1. Basic drug information

Common name: Dacomitinib (Dacomitinib)

Product name: VIZIMPRO (VIZIMPRO)

Indications:

Dacomitinib is suitable for the first-line treatment of patients with locally advanced or metastatic non-small cell lung cancer (NSCLC) positive for EGFR gene-sensitive mutations (such as Exon 19 deletions or L858R mutations).

Dosage forms and specifications:

At present, the common dosage forms in China are oral tablets. The main specifications include 15mg, 30mg and 45mg. Each box is commonly packed with 30 tablets.

2. Recommended usage and dosage

Recommended dose: The standard recommended starting dose of dacomitinib is 45 mg once daily, taken orally continuously without interruption. The medicine should be swallowed whole, before or after meals.

Dosage adjustment:

If the patient experiences serious adverse reactions (such as rash, diarrhea, or abnormal liver function, etc.) during treatment, the dose may need to be adjusted according to the guidance of the doctor. The common adjusted dose is 30mg or 15mg. If it is necessary to suspend medication, the decision on whether to resume treatment and resume dosage should be based on disease assessment.

3. Pharmacological mechanism and characteristics

Dacomitinib belongs to the second generationEGFR-TKI. Compared with the first generation drugs (such as gefitinib and erlotinib), it has the following advantages:

Irreversible binding: Dacomitinib can irreversibly bind to EGFR, HER2 and HER4 and other HER family receptors, thereby continuously inhibiting signaling pathways and delaying the occurrence of drug resistance;

Covering a variety of mutations: It also has a certain inhibitory effect on some uncommonEGFR mutations;

ExtendedPFS:ARCHER 1050Clinical studies have shown that dacomitinib can significantly extend the progression-free survival (PFS) and overall survival (OS) of patients with first-line treatment of EGFRmutatedNSCLC.

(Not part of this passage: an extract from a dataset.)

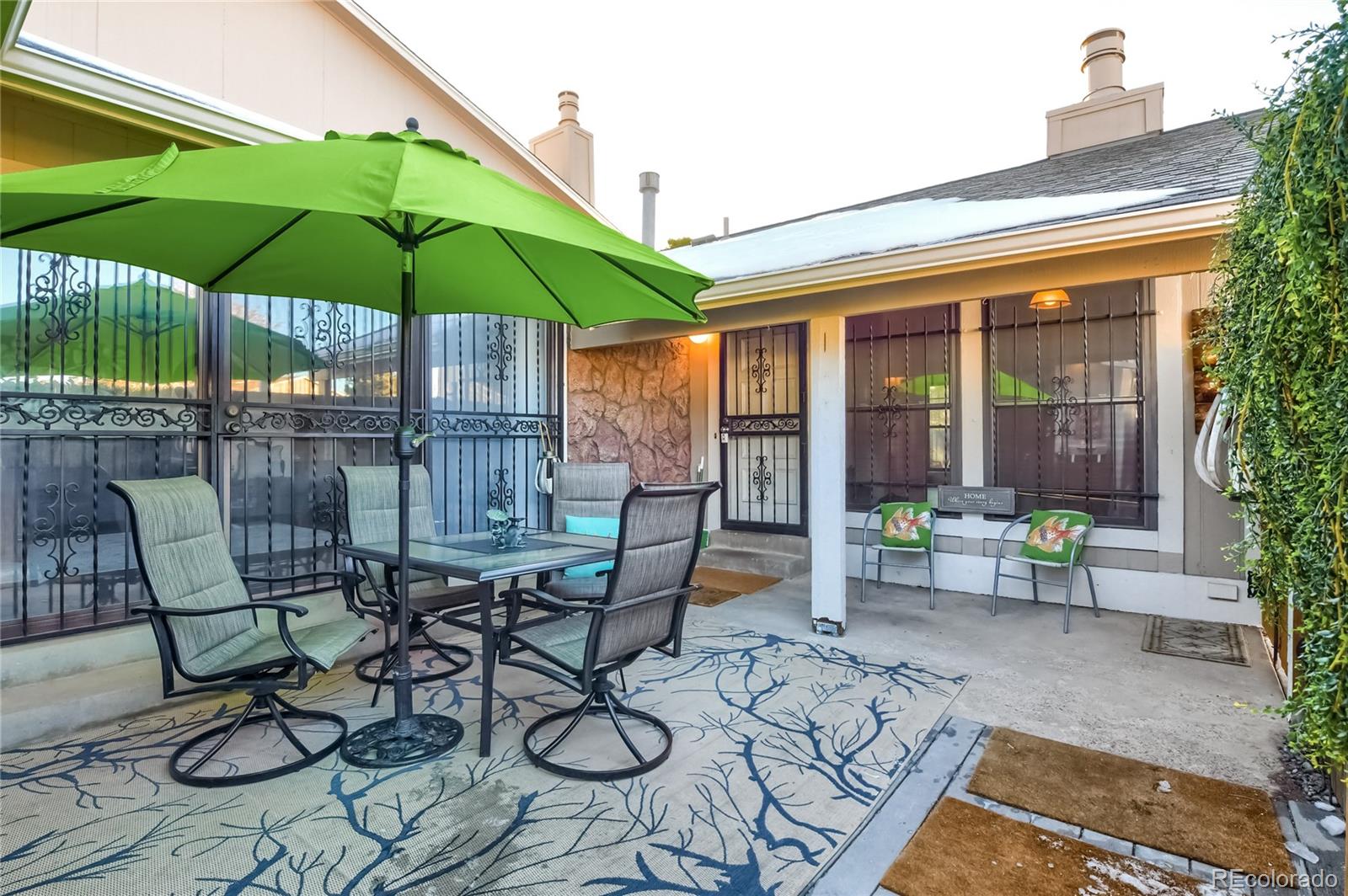 a view of table and chairs under an umbrella in patio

4. Common adverse reactions and coping methods

Dacomitinib has relatively many adverse reactions, especially in the skin and gastrointestinal tract. The following are common side effects and treatment suggestions:

Skin rash: It is common on the face, chest and back and other parts of the body. It usually appears within 2-3 weeks after taking the medication. It is recommended to use low-intensity topical steroid ointments or oral antihistamines; in severe cases, suspension or reduction of dosage should be considered.

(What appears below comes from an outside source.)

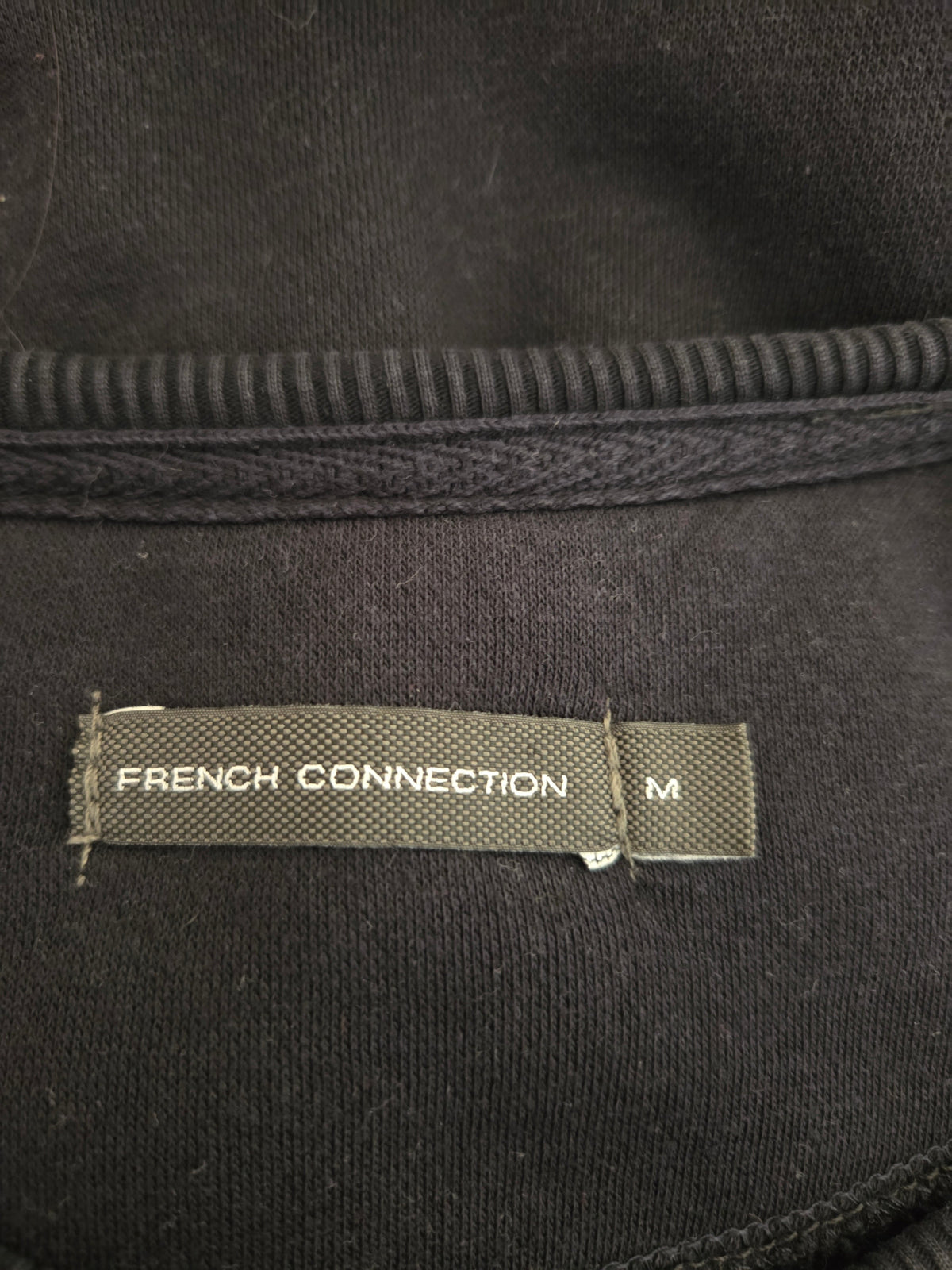 Close-up of a 'French Connection' label on a black garment with textured details.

Diarrhea: It is one of the most common adverse reactions. It is recommended to use antidiarrheal drugs such as loperamide; electrolytes and kidney function need to be monitored in case of massive diarrhea.

Oral mucositis: Symptoms of pain or ulcers in the mouth that can be relieved with gargles or topical analgesics.

Abnormal liver function: Liver enzyme indicators should be monitored regularly, and the dosage should be reduced or suspended if necessary.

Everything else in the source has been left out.